=== Section Start ===

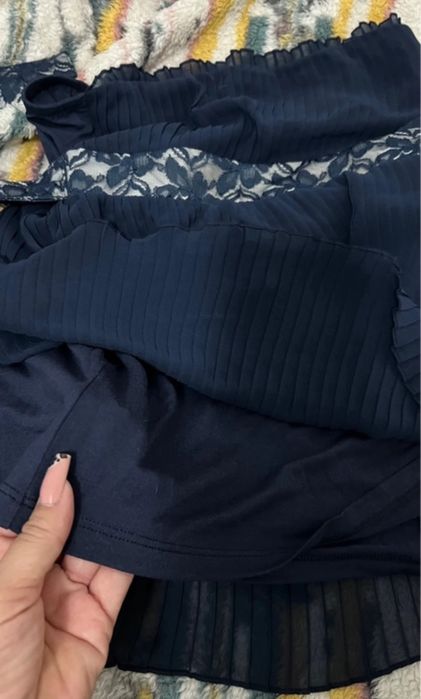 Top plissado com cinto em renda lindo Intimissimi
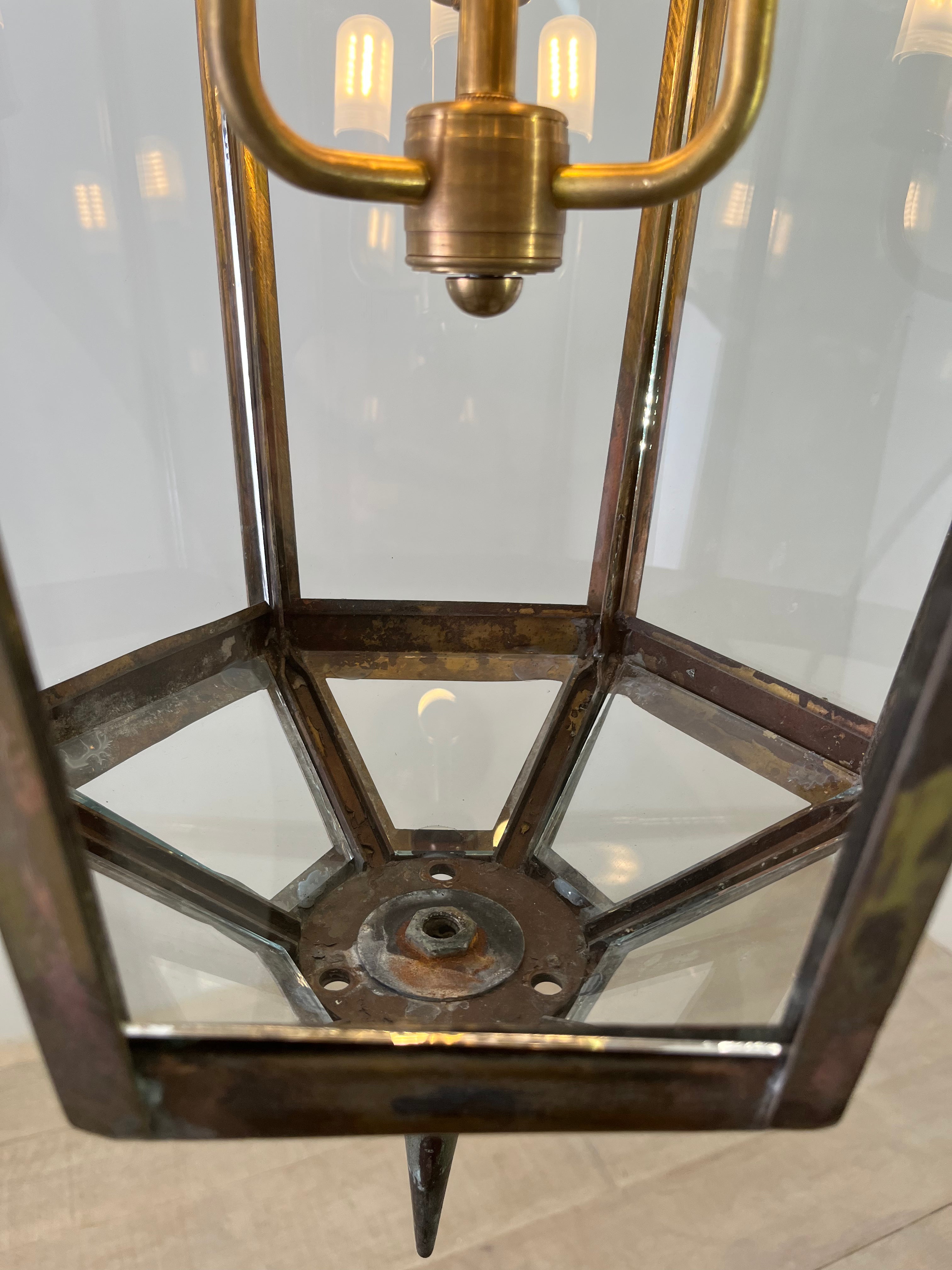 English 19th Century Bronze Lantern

=== Section End ===
=== Section Start ===

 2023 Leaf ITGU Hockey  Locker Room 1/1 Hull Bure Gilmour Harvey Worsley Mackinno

=== Section End ===

__Your assignment__:
Copy the lines above between the one holding "Top plissado com" and the one holding "English 19th Century Bronze Lantern", inclusive. Drop the pictures.

__Task response__:
 Top plissado com cinto em renda lindo Intimissimi
 English 19th Century Bronze Lantern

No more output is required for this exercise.